- PROBLEM DETAILS
Each line that holds the string "Black" counts once. Say how many such lines the entries have, giving the number only.

[Opening PROVIDED INFORMATION section]

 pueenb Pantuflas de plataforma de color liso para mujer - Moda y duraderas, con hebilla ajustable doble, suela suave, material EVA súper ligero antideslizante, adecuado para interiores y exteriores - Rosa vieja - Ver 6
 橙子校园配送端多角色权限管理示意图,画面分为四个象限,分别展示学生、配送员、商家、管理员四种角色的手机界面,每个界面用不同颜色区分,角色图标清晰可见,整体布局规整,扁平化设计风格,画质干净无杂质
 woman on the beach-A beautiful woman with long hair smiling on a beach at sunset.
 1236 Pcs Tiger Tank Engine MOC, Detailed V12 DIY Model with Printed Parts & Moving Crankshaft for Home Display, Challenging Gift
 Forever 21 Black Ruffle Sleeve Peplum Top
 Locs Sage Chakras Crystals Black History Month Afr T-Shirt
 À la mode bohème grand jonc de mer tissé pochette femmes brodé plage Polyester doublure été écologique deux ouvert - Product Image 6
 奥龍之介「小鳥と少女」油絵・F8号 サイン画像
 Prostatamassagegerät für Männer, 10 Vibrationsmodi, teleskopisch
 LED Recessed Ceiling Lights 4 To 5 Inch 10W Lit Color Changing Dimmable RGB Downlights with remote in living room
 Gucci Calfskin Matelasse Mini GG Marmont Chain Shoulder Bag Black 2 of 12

[Closing PROVIDED INFORMATION section]

- RESPONSE FOR THIS EXERCISE
3